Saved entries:
============================================================

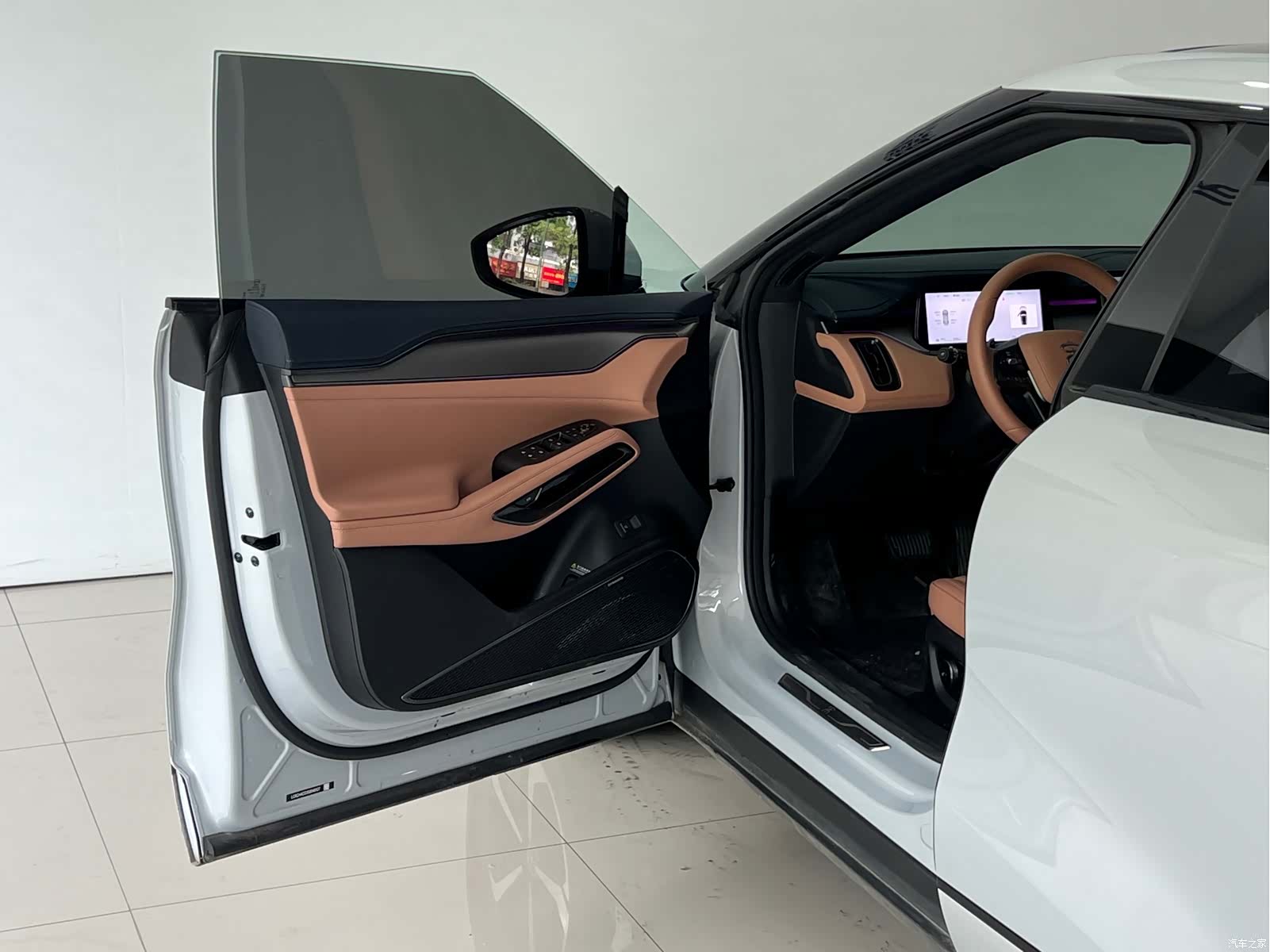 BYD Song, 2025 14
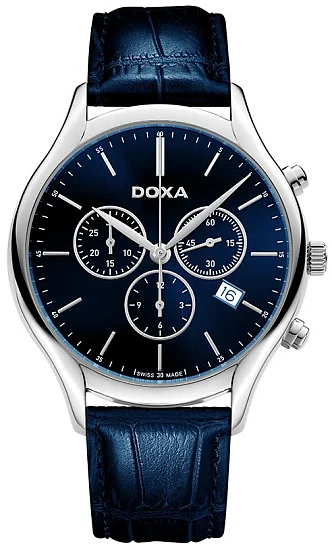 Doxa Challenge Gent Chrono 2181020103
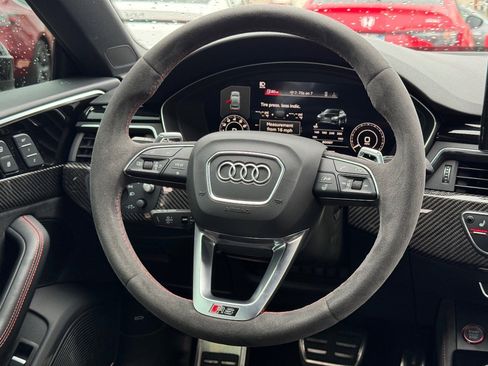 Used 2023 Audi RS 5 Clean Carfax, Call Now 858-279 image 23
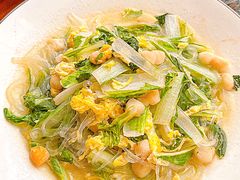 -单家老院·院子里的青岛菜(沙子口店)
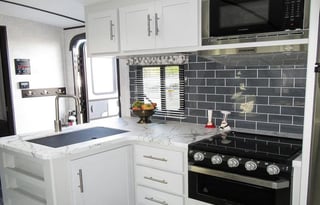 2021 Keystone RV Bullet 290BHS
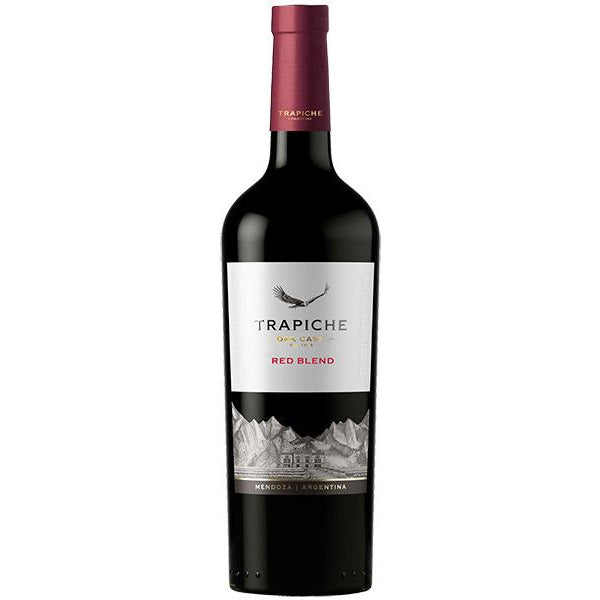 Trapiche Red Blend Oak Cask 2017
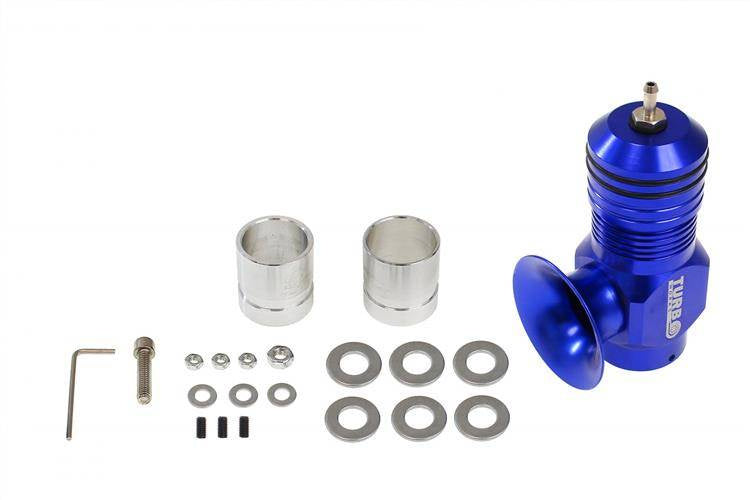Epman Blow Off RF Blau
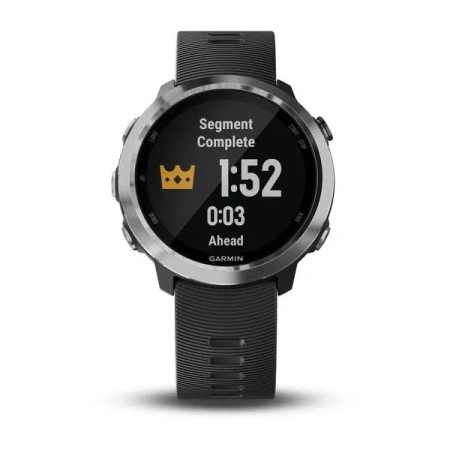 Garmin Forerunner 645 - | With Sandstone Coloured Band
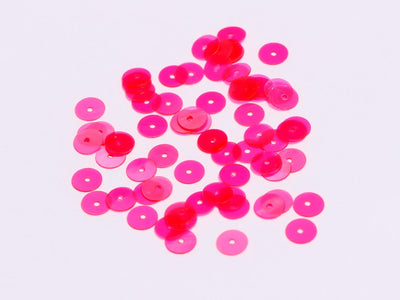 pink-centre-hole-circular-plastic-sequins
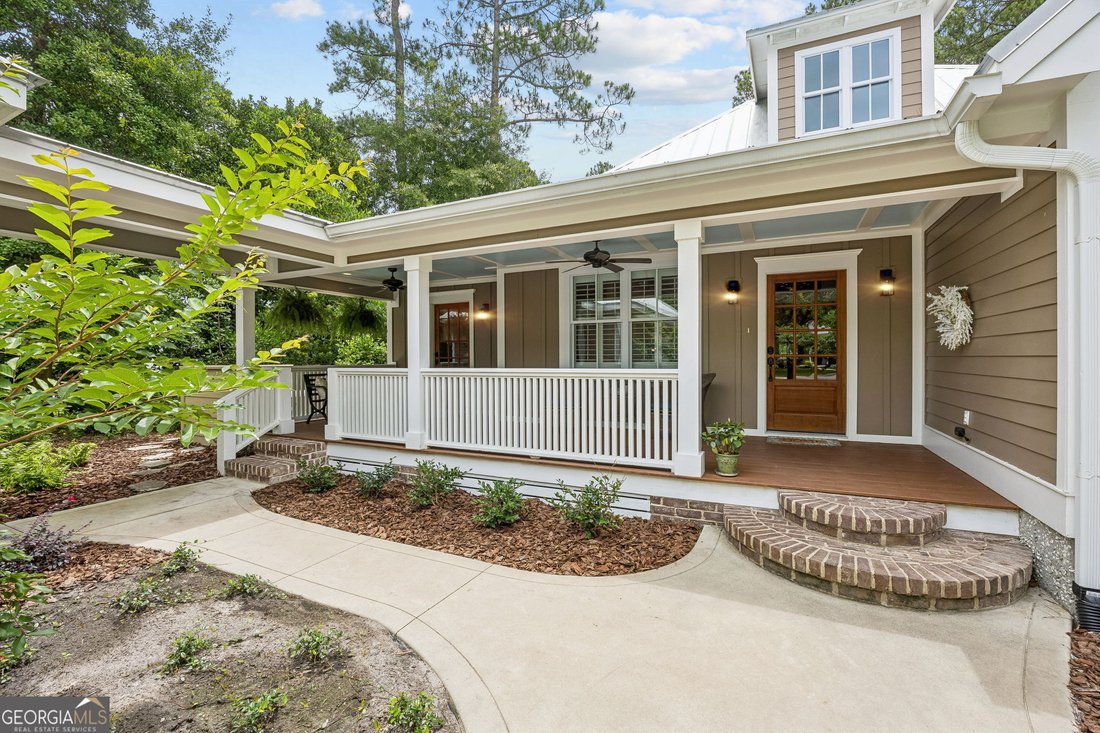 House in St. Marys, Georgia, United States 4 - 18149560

============================================================

**TASK OBJECTIVE**. Transcribe exactly the span of lines from the line holding "Used 2023 Audi" through the last line above, both included. Pictures stay out.

**EXPECTED ANSWER**.
 Used 2023 Audi RS 5 Clean Carfax, Call Now 858-279 image 23
 -单家老院·院子里的青岛菜(沙子口店)
 2021 Keystone RV Bullet 290BHS
 Trapiche Red Blend Oak Cask 2017
Epman Blow Off RF Blau
 Garmin Forerunner 645 - | With Sandstone Coloured Band
 pink-centre-hole-circular-plastic-sequins
 House in St. Marys, Georgia, United States 4 - 18149560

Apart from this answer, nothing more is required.